The code was originally written for members of Xin He lab at UChicago to run SNPsnap locally on UChicago RCC compute cluster, without having to use the SNPsnap web server.
The SNPsnap database was downloaded from the SNPsnap website.
The database file (ld0.5_collection
) of European population can also be downloaded here.
library(optparse)
library(foreach)
library(doParallel)
# filename_input <- "/project2/xinhe/kevinluo/SNPsnap/test/test_input.txt"
# dir_out <- "/project2/xinhe/kevinluo/SNPsnap/test/"
# population <- "EUR"
# num_matching_snps <- 100
# thresh_MAF <- 0.05
# thresh_dist2gene <- 0.5
# thresh_ld_friends <- 0.5
# thresh_gene_density <- 0.5
# num_batches <- 3
# idx_batch <- 1
inputfile=/project2/xinhe/kevinluo/SNPsnap/test/test_input.txt
dir_out=/project2/xinhe/kevinluo/SNPsnap/test/
num_matching_snps=100
num_batches=5 # split SNPs into batches for slurm batch array
## do not split into batches
sbatch --array=1 --mem=30G --ntasks-per-node=5 /project2/xinhe/kevinluo/SNPsnap/code/match_snps_snpsnap_batcharray.sbatch ${inputfile} ${dir_out} ${num_matching_snps} EUR 1
## split into batches
sbatch --array=1-${num_batches} --mem=30G --ntasks-per-node=5 /project2/xinhe/kevinluo/SNPsnap/code/match_snps_snpsnap_batcharray.sbatch ${inputfile} ${dir_out} ${num_matching_snps} EUR ${num_batches}
cd ${dir_out}/matched_SNPs/test_input_${num_batches}batches
cat SNPmatch_100_matchedSNPs_batch*.txt | gzip > SNPmatch_100_matchedSNPs.txt.gz
The file named “SNPmatch_*_matchedSNPs.txt” has a table of input SNPs and matched SNPs.

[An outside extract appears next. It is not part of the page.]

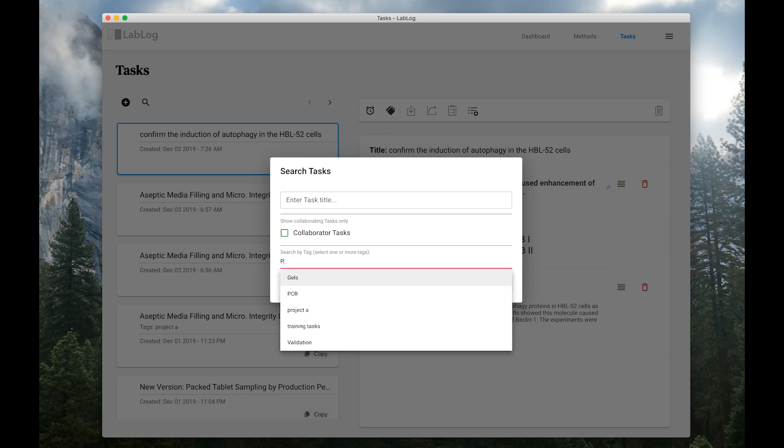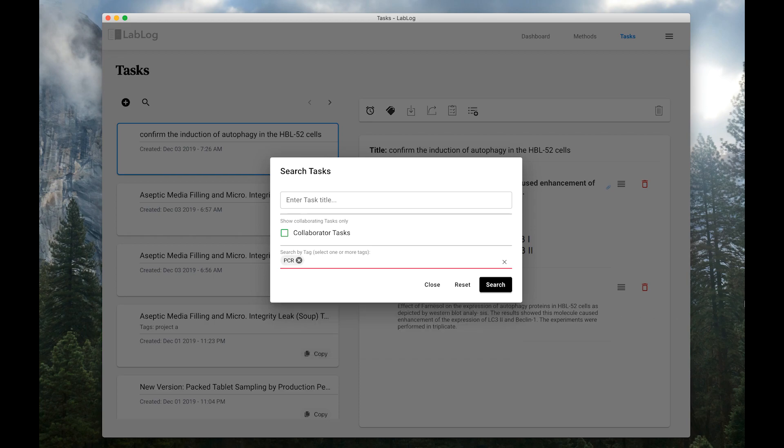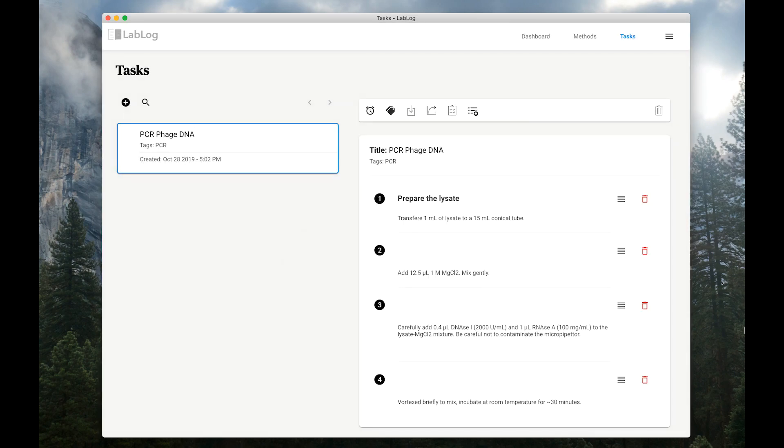You can assign multiple protocols and experiments to a project using tags. And if you need to find the notes related to a project, you can search by the project tag. You can also search by title and content. There it is.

The first column contains the input SNPs, the second is the number of SNPs in the SNPsnap database satisfied our thresholds, the following columns are matching SNPs sampled from the SNPsnap database that satisfied our thresholds.
The file named “snpsnap_input_exist.txt” saved the information for the SNPs that exist in the database.
The file named “unincluded_snps.txt” show the SNPs that are not exist in the database.